Heart of School, Bali, Indonesia
The Heart of School (above and top image) is a green learning centre in Bali that was built from bamboo. The local wood was used to construct dramatic vaulted spaces and is a versatile, rapidly replenishable material, the UKGBC said. Once the building reaches the end of its lifespan, its grass roofs and bamboo walls can be composted and turned back into soil.
The project helped launch Bamboo U, which teaches people how to build and design with bamboo and promotes the use of the material in architecture.
107 Niddrie Road, Glasgow, Scotland
Glasgow’s 107 Niddrie Road is the first project to explore how to retrofit Scotland’s tenement buildings from the 19th and early 20th century, of which there are 182,000 in the country.
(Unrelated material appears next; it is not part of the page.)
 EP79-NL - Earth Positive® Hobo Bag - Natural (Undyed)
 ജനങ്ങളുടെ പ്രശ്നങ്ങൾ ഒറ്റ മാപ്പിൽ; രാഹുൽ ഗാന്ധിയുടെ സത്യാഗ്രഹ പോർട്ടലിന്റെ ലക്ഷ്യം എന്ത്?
The project is funded by the Scottish government and targets a 70 to 90 per cent energy use reduction.
“Every place in the world has its own much loved iconic historic house types,” said Chris Brown, executive chair of Igloo Regeneration.
“London has a million Victorian terraced homes. COP26 host, Glasgow, has 70,000 tenement flats, typically in two to five storey sandstone apartment buildings constructed between 1840 and 1920 that are the vast majority of the city’s historic fabric,” he added.
“The maintenance and repair of these buildings is already challenging for their owner occupiers, social housing owners, Glasgow City Council and the Scottish Government. So it is hugely important that Glasgow City Council, Southside Housing Association and Glasgow University are collaborating with leading local professionals and contractors to understand how best to retrofit these buildings to properly insulate them, eliminate the damage the fossil fuel heating of these ageing buildings does to the planet, and give their residents a warm healthy home that is cheap to heat.”
The 5 Systems Programme: Nga Kāinga Anamata, Auckland, New Zealand
This programme aims to build homes to 2030 standards today, while incorporating the values of New Zealand’s indigenous culture. It is led by the country’s Urban Development Authority and will develop five apartment buildings in total.
These will have different structural systems: steel, concrete, light frame timber, mass/cross-laminated timber (CLT), and a light/mass timber hybrid. All will have solar panels to give tenants free electricity, and the houses will also achieve Passivhaus certification.
“We can build net zero energy healthy homes for vulnerable people and we can do it by growing the industry,” Brian Berg MBSc, Carbon Neutral Housing Manager, Kāinga Ora, said.
“We’ve proven that the trifecta of mass timber, Passivhaus and local energy generation can benefit people and planet for years to come.”